Kassam asked Bolton to define Russia’s election interference, pointing to the counter-argument that the United States has overtly attempted to influence elections in many other countries, from Ukraine and Libya to President Barack Obama’s unsuccessful effort to thwart the Brexit vote.
Bolton replied by emphasizing the importance of protecting American national interests.
“We’ve interfered in elections around the world,” he said. “For example, in Europe after World War 2, to prevent Italy from being taken over by the Communists. We pursue our interests. Other people pursue their interests. That’s the way the world works.”
“What I’m saying is, when people try to interfere in our elections, we’re entitled to take defensive actions,” he argued. “If people don’t like our foreign policy, they’re entitled to take defensive actions. I just don’t think, collectively, we’re taking this seriously enough.”
“The general public, I think, does not have a full understanding of what the Russians or others may have tried to do. It’s a debate we’re not having effectively, because this information has not been declassified yet,” he said.
“I just want to underline, so people understand it: there are two separate issues here that have become confused, I think, in many minds. One is the Russian effort to undermine the integrity of our electoral process. That’s a very distinct issue from the second one, which is ‘did the Trump campaign collude with Russia?’” Bolton explained.
“On the second, I still have yet to hear a single scrap of evidence that any such collusion took place,” he noted. “On the other hand, everybody who has looked at the classified information, at least that I’m aware of, thinks that it’s beyond dispute that the Russians were engaged in the first activity, which is trying to undercut the election.”
Bolton said this was not the first time the credibility of a U.S. election has been undermined, but “this is probably the first time we may have appreciated the extent of the effort.”
“I think it’s acute now, really at more than any other time, because of the extent that we’ve engaged in computerized voting practices,” he said. “Therefore, the risk that some outside force can manipulate those results is upon us. I have to say, I think I’m pretty high-tech, but I much prefer using a pencil on a vote, and folding it myself, and putting it in the ballot box.”
Returning to the question of Russian interference in the 2016 election, Bolton postulated that if saboteurs had been able to hack into the voting machines of a state, they could have unleashed chaos by simply reducing every vote total to zero.

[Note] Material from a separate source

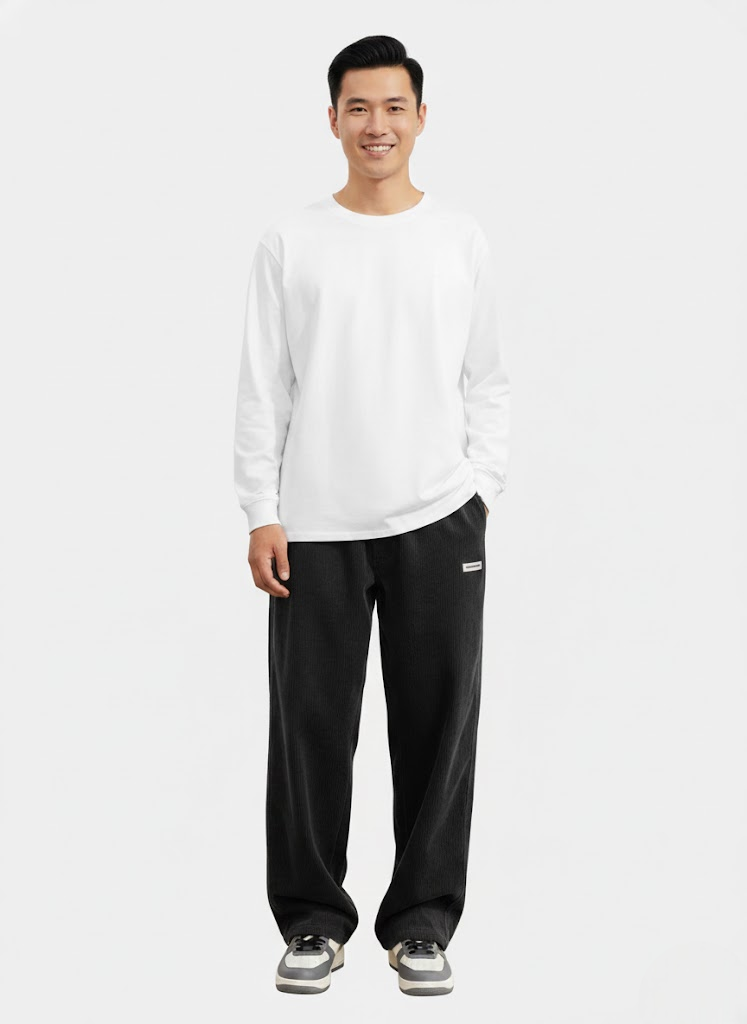 Noahry Men's Loose Fit Corduroy Pants – Straight Cut, Comfort & Streetwear Style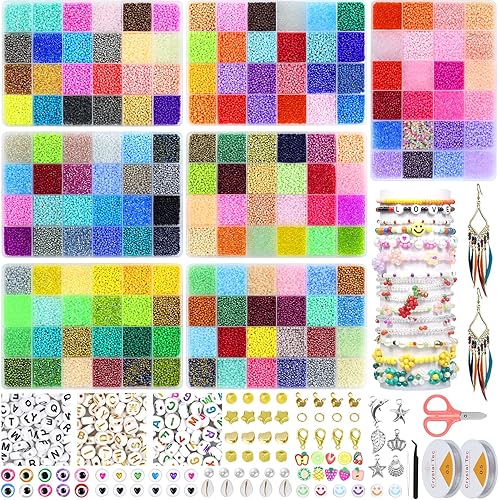 Ghguole Juego de 68000 cuentas de semillas de vidrio de 0.079 pulgadas para hacer joyas, kit de fabricación de pulseras de cuentas pequeñas, kit de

“What it does is say to people, my God, if they could do that in that state, zero out all the votes, who knows what they’re doing in other states?” he said. “That’s the sort of thing that worries me. And look, that capability – we’ve seen China hack into the U.S. government’s personnel system. My personnel records, along with tens of millions of others, now reside in Beijing, copies of them anyway. There’s a lot going on out there in the cyber world that I think the general public doesn’t understand. I don’t think we have a good appreciation of it.”
“I would hope this debate would produce some better understanding of that. Instead, it’s just the partisans attacking Trump’s collusion with the Russian government,” Bolton lamented. “As to which, as I have said, we’ve seen no evidence. I saw a Democratic member of the House on Fox, I think it was on Tucker Carlson the other night, say that Trump’s deep involvement with Russia was interfering with his ability to get the agenda through. I wish Tucker had said to him, ‘What deep involvement? For God’s sake, let’s have some facts here.’”
Bolton wanted listeners to understand that he is not suggesting the question of foreign attacks on American elections is limited to arguments about whether or not the Trump 2016 campaign colluded with Russia.
“I’m saying it’s about Russian – and possibly other, Chinese, Iranian, North Korea – efforts to impair our democratic institutions and undercut all of our fellow citizens’ faith in our ability to govern ourselves. That’s the key point,” he said.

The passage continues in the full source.